The Data Sovereignty Question
When a caller speaks to a voice AI agent, their voice data travels through multiple systems: the telephony provider, the ASR model, the LLM, the TTS engine, and whatever logging and analytics infrastructure sits behind it all. Where those systems are physically located matters.
If any part of that pipeline routes through US servers, you have created a cross-border data transfer. Under the Privacy Act, that transfer is permissible only if the overseas recipient is subject to equivalent privacy protections, or you have obtained the individual's consent, or you have taken reasonable steps to ensure compliance. In practice, this means most Australian enterprises handling sensitive customer data in health, finance, or government either need their AI infrastructure hosted in Australia or need a robust legal framework around offshore processing.
There is also a latency cost. A voice call routed from Sydney to a US-based LLM inference server adds 150-200ms of round-trip network latency before the model even starts processing. That is a third of your total latency budget gone to geography alone. For a voice application where every millisecond counts, that is unacceptable.
Australian-hosted infrastructure eliminates both problems. Data stays onshore, which simplifies compliance.
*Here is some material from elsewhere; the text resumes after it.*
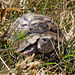 Nordmazedonien - Schildkröte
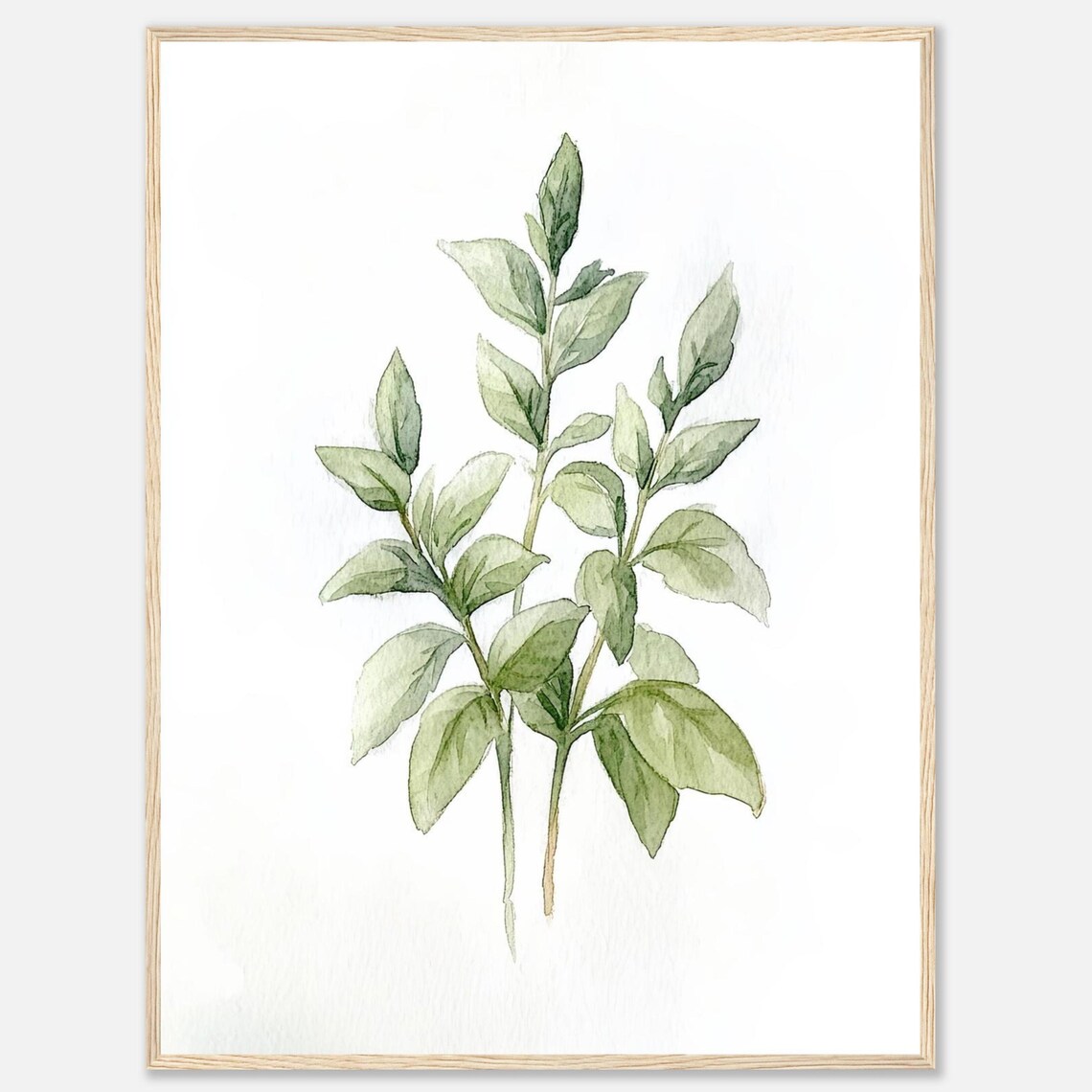 Basil Watercolor Print, Botanical Kitchen Wall Art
And the network latency between the caller and the AI system drops to single-digit milliseconds, leaving the full budget available for actual processing.
Why Quality Matters
The logical outcome of the uncanny-valley phenomenon is that small differences in the quality of your AI voice system can produce dramatically different results in the real world.
The minimum standard of low latency is only achievable today with the right systematic approach across a broad spectrum of disciplines: signal processing, latency under load, transcription accuracy across Australian accents and on Australian mobile networks, barge-in handling, and VAD tuning. This is before we even start talking about the actual content outputs of the LLM.
For AI voice systems deployed in Australian enterprises, serving Australian callers under Australian regulation, there is a measurable performance and compliance advantage to infrastructure, accent models, and regulatory frameworks that are purpose-built for this market. That advantage shows up in STT accuracy, call-resolution rates, compliance posture, and latency.